On a **lookup** request, `mi_server` is passed an Index, Field, and
Term. It first puts a lock on all buffers and segments that will be
used in the query. This ensures that buffers and segments won't be
deleted before the query has completed. Next, it spawns a linked
process that creates an iterator across each buffer and segment for
the provided Index/Field/Term key, and returns the results in
ascending sorted order.

A **range** request is similar to a **lookup** request, except the
iterators return the values for a range of keys.

## Buffers (`mi_buffer` module)

A buffer consists of an in-memory Erlang ETS table plus an append only
log file.

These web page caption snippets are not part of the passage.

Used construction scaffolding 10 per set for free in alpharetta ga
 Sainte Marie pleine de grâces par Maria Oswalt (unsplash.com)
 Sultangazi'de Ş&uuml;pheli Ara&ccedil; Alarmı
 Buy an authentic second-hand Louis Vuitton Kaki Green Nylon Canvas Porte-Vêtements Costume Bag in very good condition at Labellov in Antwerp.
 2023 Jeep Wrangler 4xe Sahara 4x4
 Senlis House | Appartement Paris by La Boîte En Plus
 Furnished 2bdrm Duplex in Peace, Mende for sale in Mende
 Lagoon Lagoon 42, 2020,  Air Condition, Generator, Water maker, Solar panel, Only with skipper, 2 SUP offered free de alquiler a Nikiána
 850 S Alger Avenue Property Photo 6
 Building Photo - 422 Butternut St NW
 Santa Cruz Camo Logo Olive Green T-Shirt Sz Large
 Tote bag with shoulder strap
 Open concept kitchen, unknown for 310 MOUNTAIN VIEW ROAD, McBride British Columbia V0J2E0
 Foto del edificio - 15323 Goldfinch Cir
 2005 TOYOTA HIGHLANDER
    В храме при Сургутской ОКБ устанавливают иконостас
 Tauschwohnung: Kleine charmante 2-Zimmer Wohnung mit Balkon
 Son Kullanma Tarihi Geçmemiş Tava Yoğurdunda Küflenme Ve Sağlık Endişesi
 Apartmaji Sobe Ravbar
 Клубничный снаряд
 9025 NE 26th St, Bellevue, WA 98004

All new data written to a MergeIndex database is first
written to the buffer. Once a buffer reaches a certain size, it is
converted to a segment.

MergeIndex opens the ETS table as a `duplicate_bag`, keyed on `{Index, Field,
Term}`. Postings are written to the buffer in a batch. 

At query time, the MergeIndex performs an `ets:lookup/N` to retrieve
matching postings, sorts them, and wraps them in an iterator.

Range queries work slightly differently. MergeIndex gets a list of
keys from the table, filters the keys according to what matches the
range, and then returns an iterator for each key. 

Buffer contents are also stored on disk in an append-only log file,
named `buffer.<NUMBER>`. The format is simple: a 4-byte unsigned
integer followed by the `term_to_binary/1` encoded bytes for the list
of postings.

When a buffer exceeds `buffer_rollover_size`, it is converted to a
segment. The system puts the contents of the ETS table into a list,
sorts the list, constructs an iterator over the list, and then sends
the iterator to the same process used to compact segments, described

## Segments (`mi_segment` module)

A segment consists of a **data file** and an **offsets table**. It is
immutable; once written, it is read only. (Though eventually it may be
compacted into a larger segment and deleted.)

The **data file** is a flat file with the following format: a key, followed
by a list of values, followed by another key, followed by another list
of values. Both the keys an the values are sorted in ascending
order. Conceptually, the data file is split into blocks (approximately
32k in size by default). The offsets table contains one entry per block.

A **key** is an `{Index, Field, Term}` tuple. To save space, if the key
has the same `Index` as the previous key, and it is not the first key
in a block, then the Index will be omitted from the tuple. Likewise
with the `Field`. The key is stored as a single bit set to '1',
followed by a 15-bit unsigned integer containing the size of the
key on disk, followed by the `term_to_binary/N` representation of the
key. The maximum on-disk key size is 32k.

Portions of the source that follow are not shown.